This research is partially supported by the NIH Cancer Center Supporting Grant to NYU (2P30 CA16087), and the NIEHS Center Grant to NYU (5P30 ES00260), as well as a Stony Wold-Herbert Foundation grant to YS. The authors would like to thank the reviewers for insightful suggestions that lead to improvement of the paper.

Appendix 1

Derivation of the test statistic of the LRT

To prove our proposed association test is indeed a LRT under the given set-up, we just need to establish equation (10), that is, when X_D follows the mixture distribution in (3),

L_{D} = sup_{η} \prod_{g = 0}^{2} P_{η} {(X_{D} = g)}^{n_{g}} = {\begin{matrix} \prod_{g = 0}^{2} {(n_{g} / n_{+})}^{n_{g}} & if 4 n_{0} n_{2} > n_{1}^{2}; \\ \prod_{g = 0}^{2} B_{2} {(g; {p̂}_{D})}^{n_{g}} & if 4 n_{0} n_{2} \leq n_{1}^{2}; \end{matrix}

where p̂_D is defined as in equation (9). First we we want to show that when $4 n_{0} n_{2} > n_{1}^{2}$ , the maximum likelihood estimates η̂ of the η in (3) satisfy

L_{D} = \prod_{g = 0}^{2} P_{η̂} {(X_{D} = g)}^{n_{g}} = \prod_{g = 0}^{2} {(n_{g} / n_{+})}^{n_{g}} .

(13)

A simple application of Jensen’s inequality yields that, for any η,

log \prod_{g = 0}^{2} P_{η} {(X_{D} = g)}^{n_{g}} \leq log \prod_{g = 0}^{2} {(n_{g} / n_{+})}^{n_{g}} .

(14)

The right-hand side of the above inequality is an upper bound which may not be achievable in general. However, when $4 n_{0} n_{2} > n_{1}^{2}$ , we can show that the equality in (13) is achievable. In fact, when $4 n_{0} n_{2} > n_{1}^{2}$ , there are infinitely many values of the MLE η̂ can make (13) an equality. It is straightforward and elementary to verify that one set of solutions for MLE is given as follows:

{θ̂}_{1} \in (\frac{2 n_{2}}{2 n_{2} + n_{1}}, 1), {θ̂}_{2} = \frac{(n_{1} + 2 n_{2}) {θ̂}_{1} - 2 n_{2}}{2 n_{+} {θ̂}_{1} - n_{1} - 2 n_{2}}, {α̂}_{1} = \frac{4 n_{0} n_{2} - n_{1}^{2}}{2 n_{+} (2 n_{+} {θ̂}_{1}^{2} - 2 (n_{1} + 2 n_{2}) {θ̂}_{1} + 2 n_{2})}, {α̂}_{2} = 1 - {α̂}_{1}, {α̂}_{i} = 0, {θ̂}_{i} = 1 / 2, for i \neq 1, 2 .

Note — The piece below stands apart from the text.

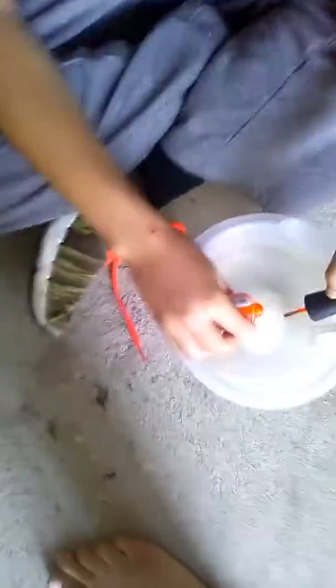Welcome back guys, we're in part two right now. We just got done putting in a little more. Now we're putting a little bit of nail polish — don't do that, just squeeze a little out. Now we're putting nail polish in, as you can see. There, that's about good.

As indicated above, θ̂₁ can take any values in an interval, thus there are infinitely many sets of solutions for the MLE. Thus equation (13) is proved. Next we show that when $4 n_{0} n_{2} \leq n_{1}^{2}$ ,

L_{D} = sup_{η} \prod_{g = 0}^{2} P_{η} {(X_{D} = g)}^{n_{g}} = \prod_{g = 0}^{2} B_{2} {(g; {p̂}_{D})}^{n_{g}} .

(15)

First, we show that, for any fixed η,

\prod_{g = 0}^{2} P_{η} {(X_{D} = g)}^{n_{g}} \leq \prod_{g = 0}^{2} B_{2} {(g; {p̂}_{D})}^{n_{g}} .

Using the inequality log x ≤ x − 1, we get

\sum_{g = 0}^{2} n_{g} log \frac{P_{η} (X_{D} = g)}{B_{2} (g, {p̂}_{D})} \leq \sum_{g = 0}^{2} n_{g} (\frac{P_{η} (X_{D} = g)}{B_{2} (g, {p̂}_{D})} - 1)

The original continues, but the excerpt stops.